Perhaps one of your New Year’s resolutions is to finally make sense of your dad’s favorite beverage. Perhaps another one of your New Year’s resolutions is to lose the pounds you stuffed on from the holiday eating season. Contrary to what you might think, it IS possible to drink beer and not pack on any extra pounds through the mysterious wonders of light beer.
Light beers have always had a bad rep, much like how people pick on diet soda for its watered down taste. Although I admit that I have tasted many bland light beers, more respect needs to be given towards the like of Bud Lite. Light beers should maybe be considered the craftiest of beers, as they are among the most difficult beers to brew. An immense amount of skill, love, and attention is needed in order to make sure that the rest of us have an excuse to drink more than one bottle of beer. Although light beers seem to be a recent revelation thanks to our weight-loss obsessed culture, they have been around for some time.
Let’s shed some light on light beers:
- In America, “light beer” refers to beer that has less calories and carbs. In Australia and other parts of the world, “light beers” are beers that are reduced in alcohol content.
- Light beers used to be called “small beers.” They were, at times, the only reliable drinking source that folks had since the fermentation process killed off bacteria.
- During Prohibition, many brewers sold “near beers,” which was beer that retained a low enough ABV to be sold legally.
- Bud Lite is the best selling beer of 2013.
- Most light beers take the same amount of time as their traditional counterparts to ferment.
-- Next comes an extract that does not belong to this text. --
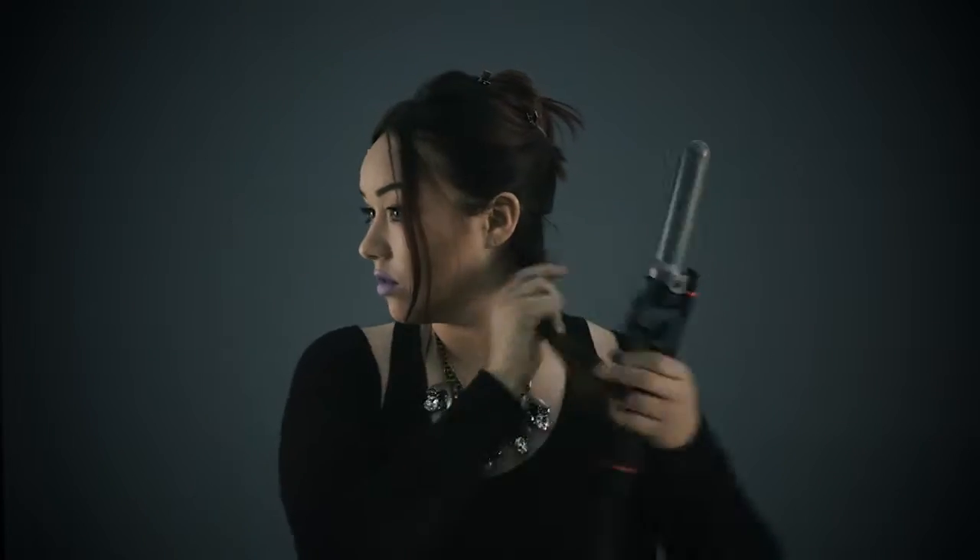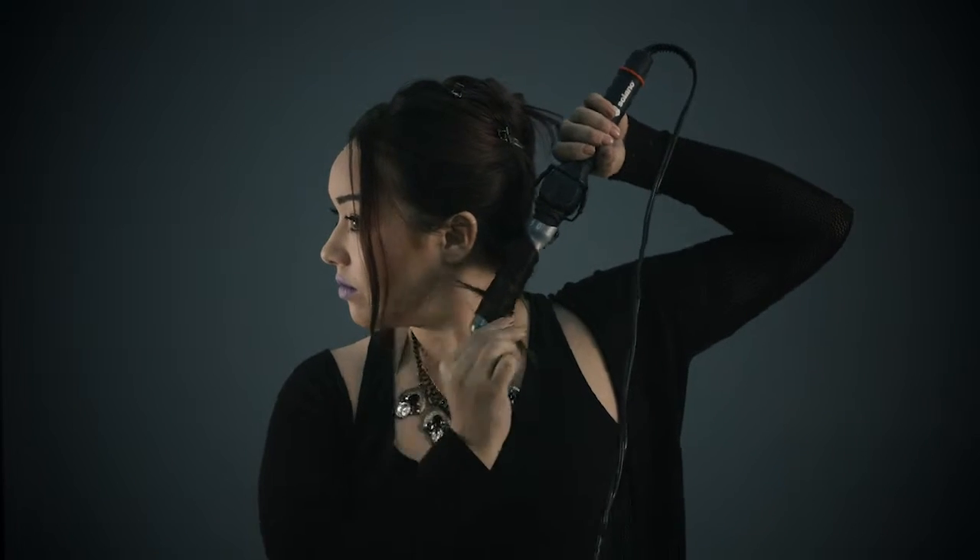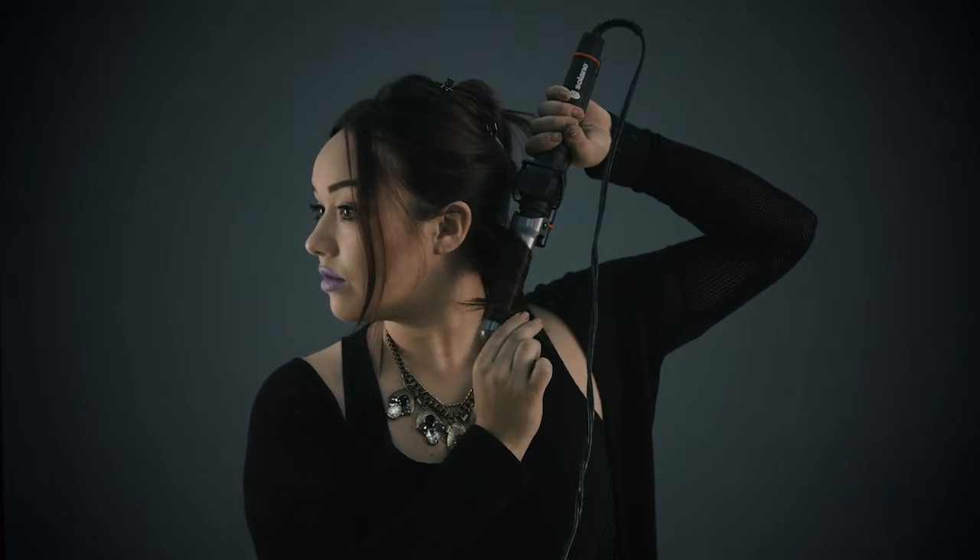Hold the curling iron downwards, ignoring the clamp. Wrap the section back away from the face and around the curling iron. Make sure to hold the ends out to avoid burning yourself. Work in sections going up the head.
Macro-breweries are a great place to turn to as your prime go-to for your light beer needs.
The light beer market is so incredibly saturated that it takes more effort to choose a light beer rather than find it. That doesn’t mean that your local brewery isn’t interested in producing a lighter version of their cherished amber ale. There are many craft brewers such as Samuel Adams that produce its own lighter lager. Often times, craft breweries aren’t advertising their beers as light, but are still lighter in calories and carbs; pilsners are a great example of a beer that is lighter in comparison to fuller-bodies beers. Don’t discount darker beers as being gut-busters, either–Guinness is a mere 125 calories per 12-ounce glass. Dry Irish stouts, like Brooklyn’s Irish Dry Stout, which bubbles in at 117 calories for a 12 ounce guzzle, typically tend to be lighter in calories as well.
If you have the right pick, you won’t have to sacrifice taste or your health for your beer.
Just because you feel you can drink more light beers and not feel guilty doesn’t mean you won’t be hungover the next day.